(EXERCISE INSTRUCTIONS):
Only the pictures are dropped. Restate each line below word for word.
[PROVIDED RECORDS Boundary: Start]
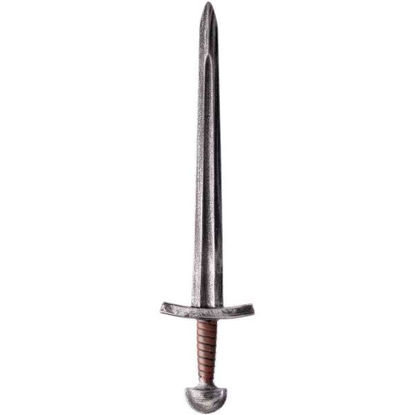 carn9233-espada-romana-gladiador-70cm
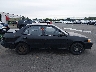 1NXBR12E61Z****** Used 2001 Toyota Corolla in Oregon State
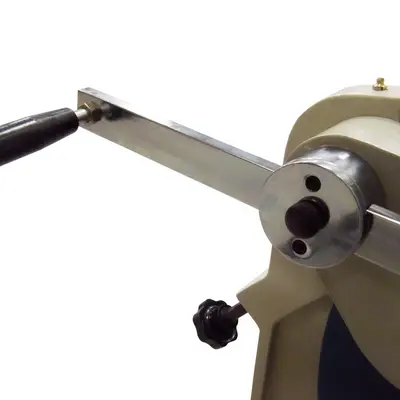 New | in-Stock BAILEIGH SBR-5216 Hand Shears Illinois US | Olympus Machinery Group #1348427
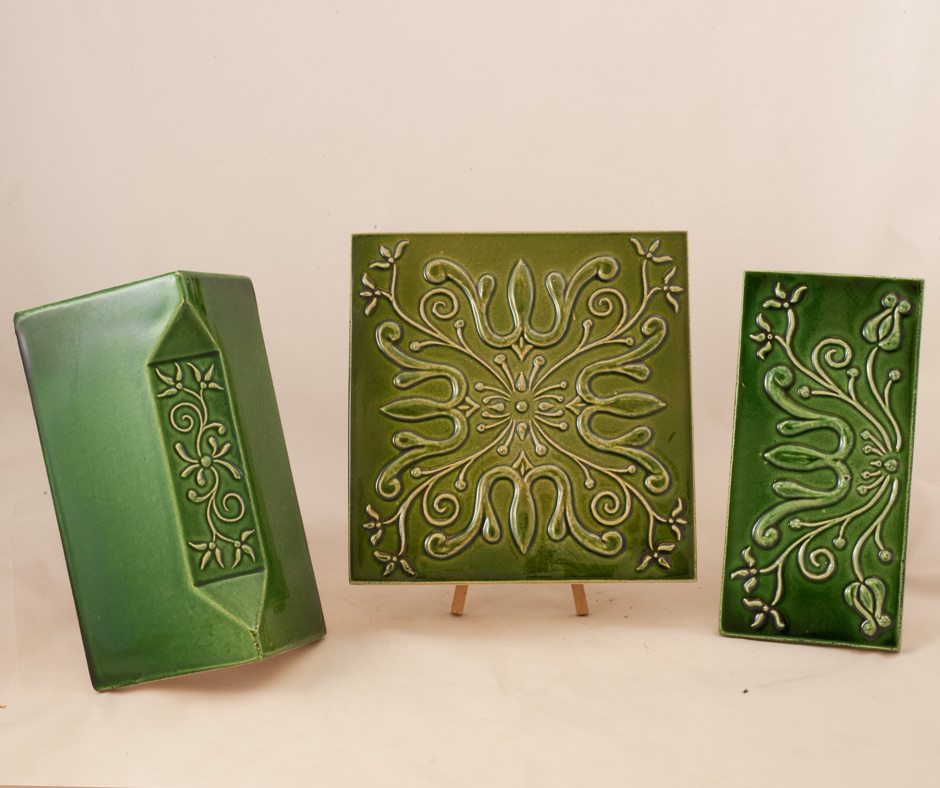 Placa-teracota-T032-familie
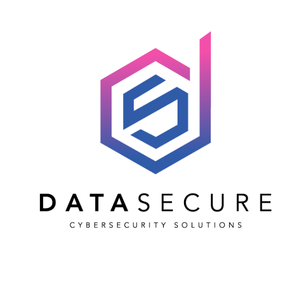 datasecure.pe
[PROVIDED RECORDS Boundary: End]
(RESPONSE):
 carn9233-espada-romana-gladiador-70cm
 1NXBR12E61Z****** Used 2001 Toyota Corolla in Oregon State
 New | in-Stock BAILEIGH SBR-5216 Hand Shears Illinois US | Olympus Machinery Group #1348427
 Placa-teracota-T032-familie
 datasecure.pe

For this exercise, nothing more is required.